## Requirement
Check each line of the records below for the word "strane" and give the number of lines that have it, with nothing added.

Short web captions
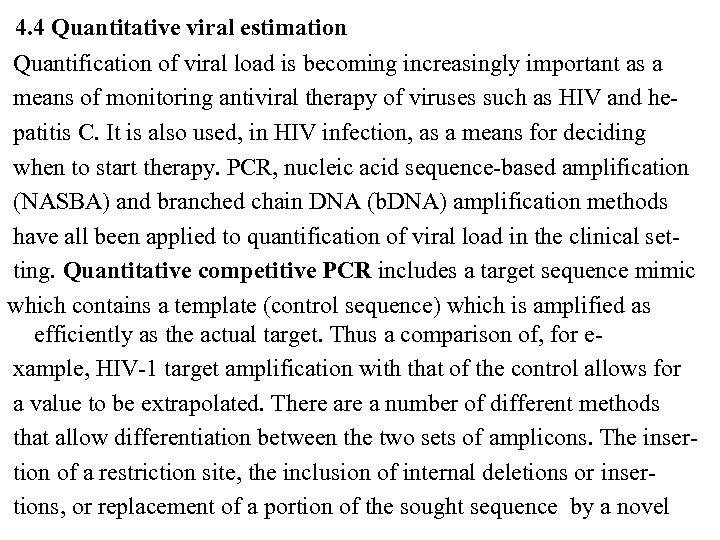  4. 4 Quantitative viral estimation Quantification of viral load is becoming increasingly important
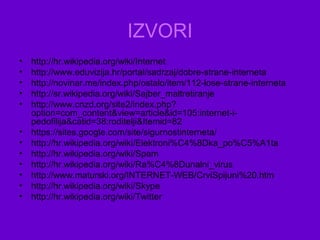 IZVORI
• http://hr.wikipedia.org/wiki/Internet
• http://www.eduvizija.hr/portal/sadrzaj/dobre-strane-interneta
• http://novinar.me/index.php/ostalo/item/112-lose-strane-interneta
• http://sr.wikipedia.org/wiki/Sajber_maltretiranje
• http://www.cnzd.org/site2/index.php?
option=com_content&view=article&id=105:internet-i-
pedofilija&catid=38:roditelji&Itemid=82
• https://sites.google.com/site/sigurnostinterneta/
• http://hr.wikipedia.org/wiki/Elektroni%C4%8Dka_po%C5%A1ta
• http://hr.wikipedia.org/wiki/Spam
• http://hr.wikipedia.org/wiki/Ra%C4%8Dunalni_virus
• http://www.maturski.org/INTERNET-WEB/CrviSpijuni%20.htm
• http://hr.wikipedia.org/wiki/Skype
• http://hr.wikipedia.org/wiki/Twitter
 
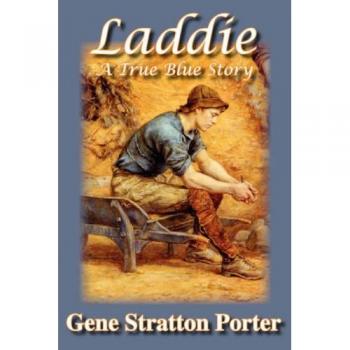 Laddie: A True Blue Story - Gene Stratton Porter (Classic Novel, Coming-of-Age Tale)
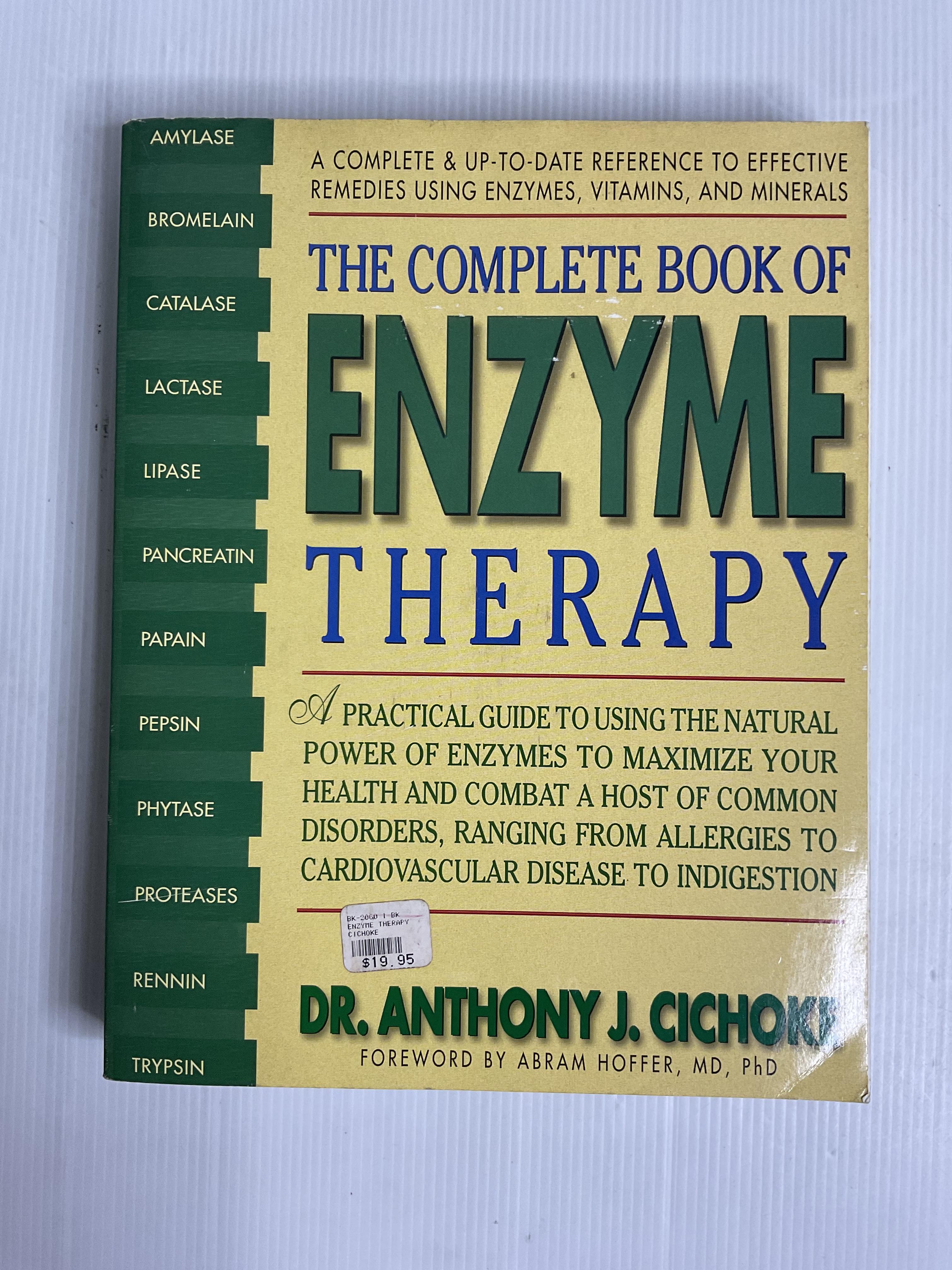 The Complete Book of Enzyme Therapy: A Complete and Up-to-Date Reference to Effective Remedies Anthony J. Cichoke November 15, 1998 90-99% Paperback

## The completed task
2